For this type of application of DFTs you usually wouldn't extract any useful information in the fourier spectrum unless you were looking for frequencies common to both data sources or whatever (eg, if you were comparing two bridges to see if their supports are spaced similarly).
Your 3rd image looks a lot like the power domain; normally I see the correlation output entirely grey except where overlap occurred. Your code definitely appears to be computing the inverse DFT, so unless I'm missing something the only other explanation I've come up with for the fuzzy look could be some of the "fudge factor" code in there like:
if (r2<128 * 128 * cuttoffCoef)
c[i][j][0] = c[i][j][1] = 0;
As for what you should expect: wherever there are common elements between the two images you'll see a peak. The larger the peak, the more similar the two images are near that region.

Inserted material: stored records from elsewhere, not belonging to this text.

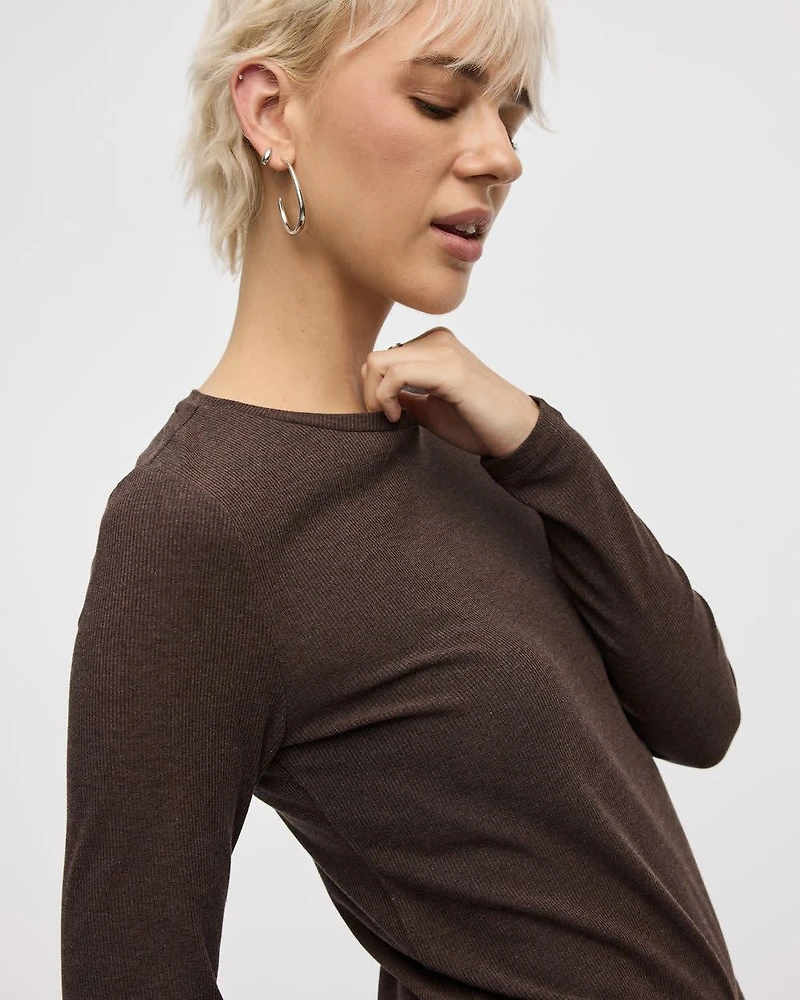 Long-Sleeve Crew-Neck Ribbed Tee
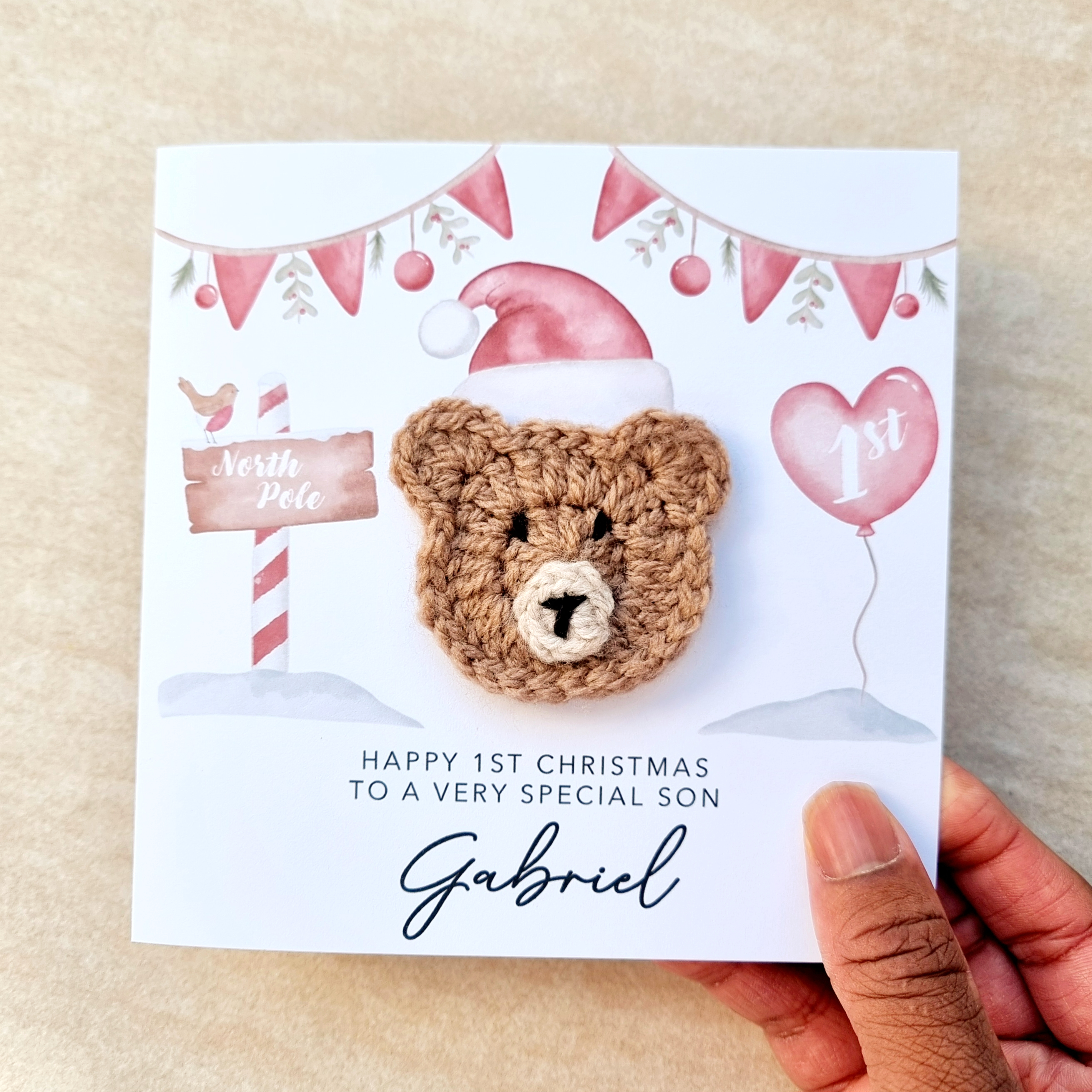 Personalised Son 1st Christmas Card - Crochet Bear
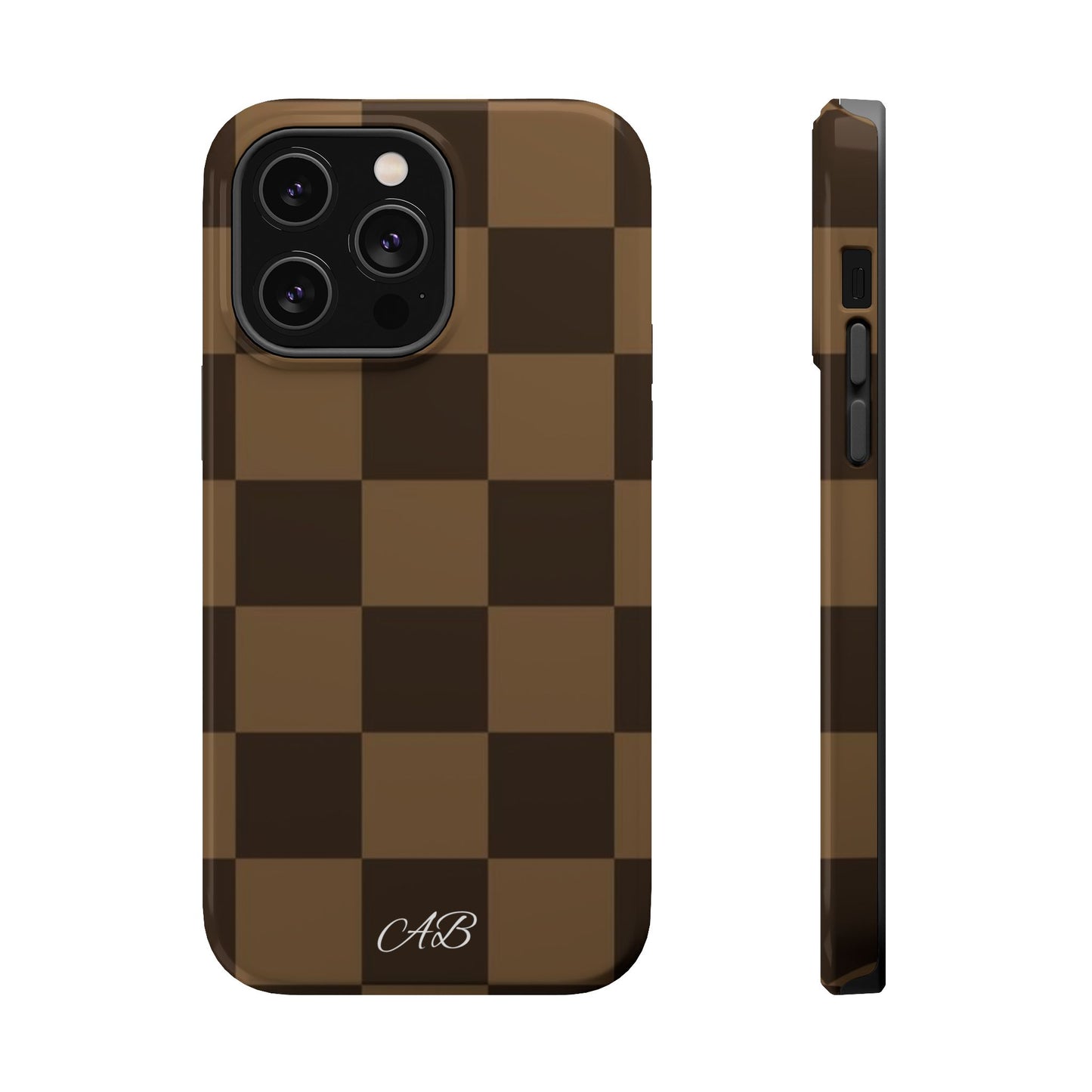 Brown Checkered Magnetic Impact-Resistant Phone Case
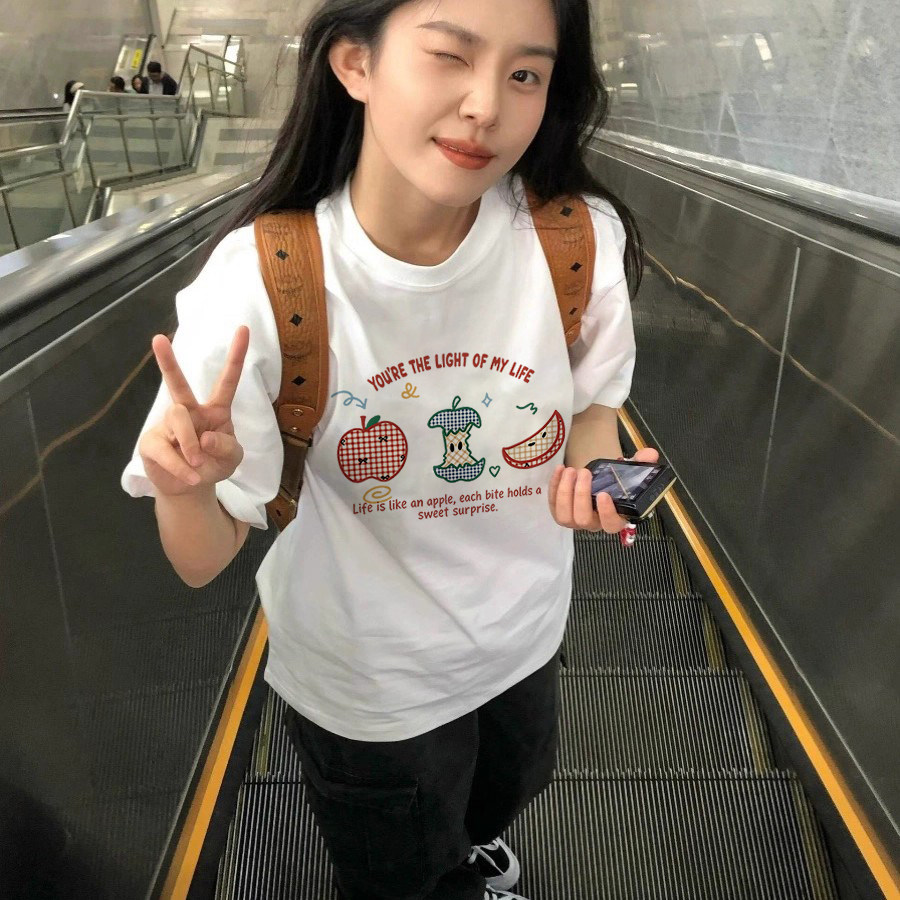 夏季新款宽松卡通印花白色纯棉短袖T恤女小众百搭显瘦韩版上衣ins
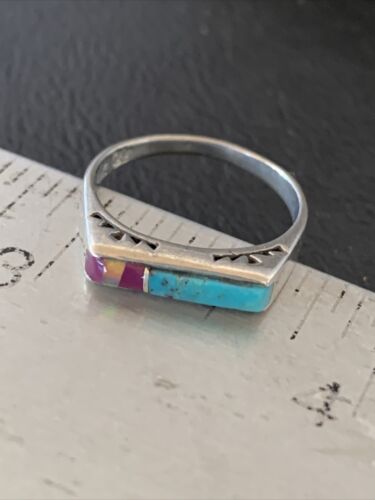 Navajo Blue Turquoise Purple Sugilite Opal Inlay Ring | Sz 6 | Authentic Native American Handmade | 11149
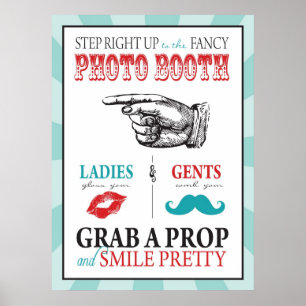 Póster Foto Booth Rótulo del Circo de Carnaval Cumpleaños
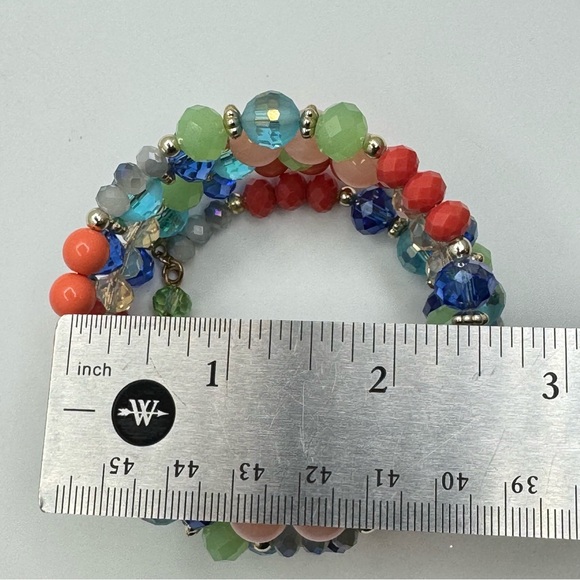 Multicolor Beaded Memory Wire Bracelet Crystal Glass Statement - Picture 5 of 7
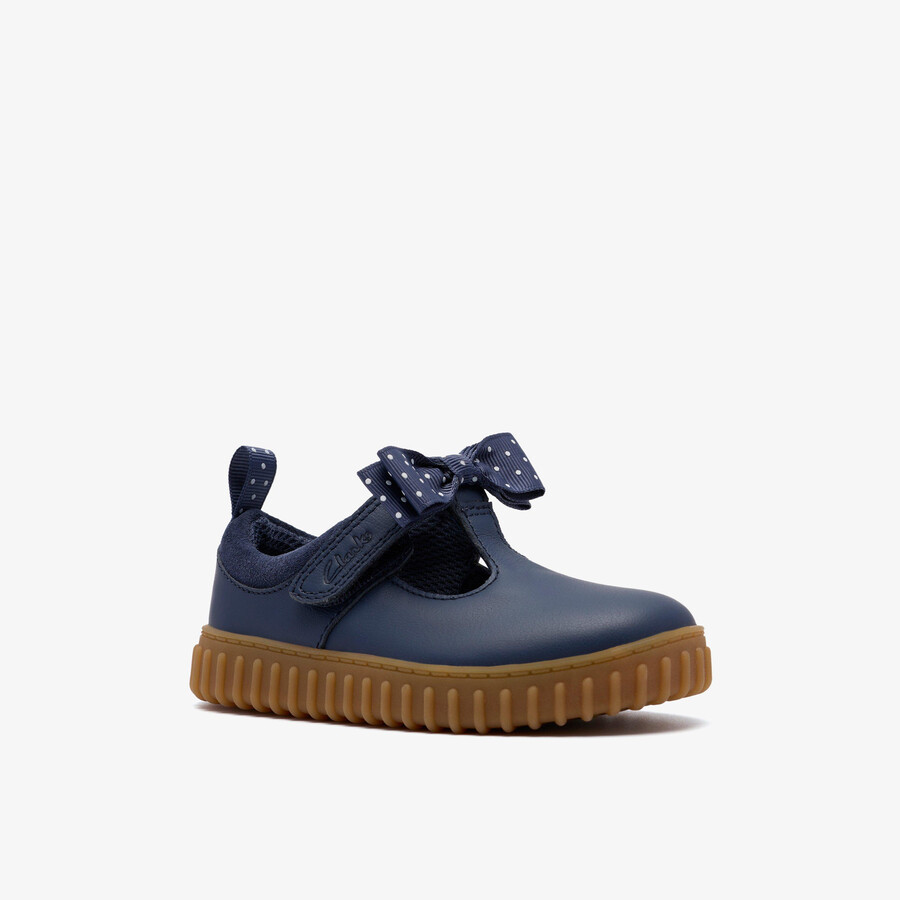 cove bow peuter - marineblauw leer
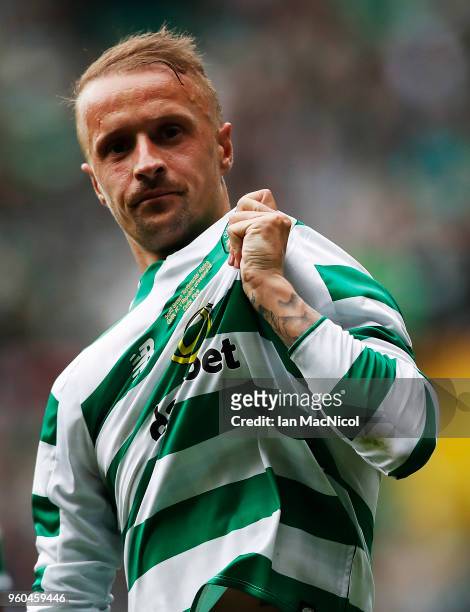 Leigh Griffiths of Celtic celebrates scoring his team's first goal during the Scott Brown testimonial match between Celtic and Republic of Ireland XI...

Some comments and/or recommended changes:
1) Convolution & correlation are not scale invariant operations. In other words, the size of your pattern image can make a significant difference in your output.
2) Normalize your images before correlation.
When you get the image data ready for the forward DFT pass:
a[i][j][0] = (0.299*p1.Red + 0.587*p1.Green + 0.114*p1.Blue);
a[i][j][1] = 0.0;
/* ... */
How you grayscale the image is your business (though I would've picked something like sqrt( r*r + b*b + g*g )). However, I don't see you doing anything to normalize the image.
The word "normalize" can take on a few different meanings in this context. Two common types:
normalize the range of values between 0.0 and 1.0
normalize the "whiteness" of the images
3) Run your pattern image through an edge enhancement filter. I've personally made use of canny, sobel, and I think I messed with a few others. As I recall, canny was "quick'n dirty", sobel was more expensive, but I got comparable results when it came time to do correlation. See chapter 24 of the "dsp guide" book that's freely available online. The whole book is worth your time, but if you're low on time then at a minimum chapter 24 will help a lot.
4) Re-scale the output image between [0, 255]; if you want to implement thresholds, do it after this step because the thresholding step is lossy.
My memory on this one is hazy, but as I recall (edited for clarity):
You can scale the final image pixels (before rescaling) between [-1.0, 1.0] by dividing off the largest power spectrum value from the entire power spectrum
The largest power spectrum value is, conveniently enough, the center-most value in the power spectrum (corresponding to the lowest frequency)
If you divide it off the power spectrum, you'll end up doing twice the work; since FFTs are linear, you can delay the division until after the inverse DFT pass to when you're re-scaling the pixels between [0..255].
If after rescaling most of your values end up so black you can't see them, you can use a solution to the ODE y' = y(1 - y) (one example is the sigmoid f(x) = 1 / (1 + exp(-c*x) ), for some scaling factor c that gives better gradations). This has more to do with improving your ability to interpret the results visually than anything you might use to programmatically find peaks.
edit I said [0, 255] above. I suggest you rescale to [128, 255] or some other lower bound that is gray rather than black.